The translation of research into practice assumes that clinically relevant evidence is available. Unfortunately, in light of the billions of dollars invested in dental research during the last five decades in Europe and the US, the dental research community has paid relatively little attention to clinical aspects of care. Consequently, and contrary to the situation in medicine, there are relatively few randomized controlled trials and other outcomes oriented studies in dentistry that have evaluated clinically relevant interventions. For example, there are no clinical trials that have compared the outcomes of different methods of caries diagnosis using relevant outcome measures.
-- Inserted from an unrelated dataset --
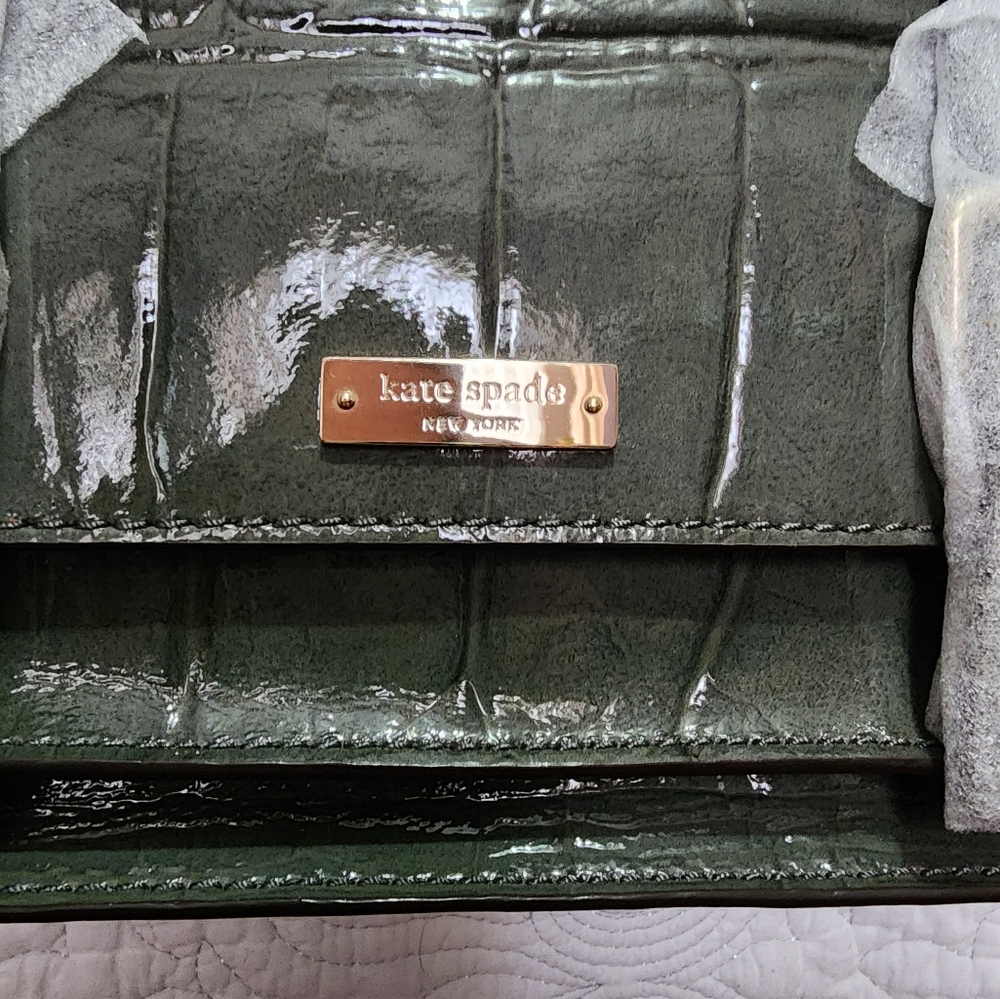 Kate Spade Purse - Picture 2 of 12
Also, no outcome studies are available for disease-based management of dental caries, periodontal diseases, or facial pain [30].

The evidence needed for evidence-based dentistry must include a broader range of outcomes, including those considered important by patients. For example, a classic definition of appropriateness indicates that treatment is deemed appropriate when the expected health benefit exceeds the expected negative consequences by a sufficiently wide margin that the treatment is worth doing [31].

Benefits of Evidence Based Practise

There are some advantages of evidence based practice [32] [Table/Fig-1].

Advantages of evidence based dental practise

EVIDENCE BASED DENTAL PRACTICE ADVANTAGE
YOU

Gained improved clinical decision making ability

Achieve greater confidence in treatment planning

More opportunity to provide treatment choices selected for minimizing risks of harm and maximum treatment safety

Greater satisfaction derived from creating customized treatment plans based on the powerful combinations of stronger scientific evidence, clinical judgement and experience, as well as patient preferences and value

More peace of mind that comes from doing right thing

Increased day to day enjoyment with a happier team motivated by working to a higher standard that puts the patient first in the dental care processes

YOUR PATIENTS

Most trust and confidence in their doctor and his or her own practice

Greater incentive to invest in quality oral health care

Increased pride from being a patient of a community thought leader and distinctive practice

YOUR DENTAL TEAM AND PRACTICE

Increased staff confidence ,pride, trust and personal satisfaction

Enhanced recognition in the community and with peers as a thought leader practice

Greater opportunity to conserve practice financial resources by establishing wiser decisions in product and equipment selection


Conclusion

Evidence-based dentistry does offer the opportunity for the practice of dentistry to enter a new era, it is worth recalling an old maxim— “the trouble with opportunity is it always comes disguised as hard work.” Educators have an important role to play in providing communication skills to aid decision making, addressing the technical dimensions of dentistry, promoting lifelong learning, and closing the gap between academics and general dentists in order to create mutual understanding The ultimate goal would be assisting dental students in learning the skills to practice evidence-based dentistry so that they can provide their future patients with the best clinical evidence and judgment for optimal and cost-effective dental care. There is, therefore, a need to apprise current practitioners on the new method of thinking. Dentistry needs to make strides to keep pace with the prevailing paradigm of evidence-based care. There is a strong “need for the science behind our treatment decisions”.